Comment by rezonant

6 months ago

No, this is a misunderstanding of the kind of taxation policy progressives tend to favor. Taxation on profit for businesses should be high, and taxation on upper tiers of individual income should be high, but taxation on funds businesses use to reinvest should be exempted or deductable. Basically the taxation we had in place after WW2 and on, with a steep corporate tax rate and more or less a maximum income for individuals. The R&D exemption removed in the 2017 bill, and discussed in the article, is key to that, because it encourages corporations to reinvest their income in building new products and paying workers rather than taking it directly as profit-- after all, at least they could reap the rewards (in growth and revenue) of the R&D later, instead of just giving the money to the government as taxes.

I don’t think most progressives think about it in that detail. Raise taxes on the rich tech companies that are gentrifying san francisco.

  • At first glance I support ... "social and economic equality" and "reforms to improve human conditions, combat corruption, and reduce inequality". Am I progressive?

    If you ask me "should corporations pay more taxes?" I will say, yes.

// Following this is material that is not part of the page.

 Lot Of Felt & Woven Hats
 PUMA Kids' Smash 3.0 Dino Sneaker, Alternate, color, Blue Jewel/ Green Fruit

Famously so does Warren Buffet, is he also a progressive?

    If you ask me, "hey should we gut tax incentives for R&D spending in the USA?" I will say, uhhh no? probably a bad choice?

  • I‘m not American but the above description of a tax policy is what I hear a lot from progressives in media.

  • But this doesn't raise taxes on rich tech companies, it effectively does the opposite - the tax burden is proportionally lower the larger/more successful the tech company is.

    Therefore, even by your own admission, this isn't progressive policy.